● **DIRECTIONS**:
Return each line of the entries that mentions the word "garden".

● **DATASET RECORDS**:
● ● ● ●
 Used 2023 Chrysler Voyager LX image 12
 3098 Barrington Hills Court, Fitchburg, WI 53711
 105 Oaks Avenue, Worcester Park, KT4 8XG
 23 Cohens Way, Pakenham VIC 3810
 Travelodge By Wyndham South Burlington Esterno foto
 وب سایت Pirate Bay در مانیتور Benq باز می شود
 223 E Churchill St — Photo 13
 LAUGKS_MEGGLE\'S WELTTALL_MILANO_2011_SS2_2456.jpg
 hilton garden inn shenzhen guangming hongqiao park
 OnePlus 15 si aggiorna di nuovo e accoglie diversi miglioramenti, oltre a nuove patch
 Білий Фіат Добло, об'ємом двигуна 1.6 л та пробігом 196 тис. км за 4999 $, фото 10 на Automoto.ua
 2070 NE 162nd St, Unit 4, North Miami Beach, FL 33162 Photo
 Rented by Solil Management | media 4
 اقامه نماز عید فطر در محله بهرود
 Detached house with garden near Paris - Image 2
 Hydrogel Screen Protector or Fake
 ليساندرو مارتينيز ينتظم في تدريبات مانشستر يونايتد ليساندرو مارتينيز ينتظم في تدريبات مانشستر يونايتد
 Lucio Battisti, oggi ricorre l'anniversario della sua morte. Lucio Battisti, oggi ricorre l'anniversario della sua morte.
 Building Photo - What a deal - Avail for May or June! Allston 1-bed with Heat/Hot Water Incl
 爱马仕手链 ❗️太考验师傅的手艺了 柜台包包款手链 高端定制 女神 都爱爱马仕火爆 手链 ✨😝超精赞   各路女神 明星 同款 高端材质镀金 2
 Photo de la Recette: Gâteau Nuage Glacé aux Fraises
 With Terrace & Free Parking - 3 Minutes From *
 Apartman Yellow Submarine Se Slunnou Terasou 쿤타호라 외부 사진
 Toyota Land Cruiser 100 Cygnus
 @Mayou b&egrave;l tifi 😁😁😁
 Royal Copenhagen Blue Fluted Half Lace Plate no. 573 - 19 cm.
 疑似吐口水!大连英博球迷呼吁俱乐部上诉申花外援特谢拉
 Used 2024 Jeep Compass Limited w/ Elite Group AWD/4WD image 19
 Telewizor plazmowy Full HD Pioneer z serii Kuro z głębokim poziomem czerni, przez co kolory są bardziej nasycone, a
● ● ● ●
● **EXERCISE RESPONSE**:
 hilton garden inn shenzhen guangming hongqiao park
 Detached house with garden near Paris - Image 2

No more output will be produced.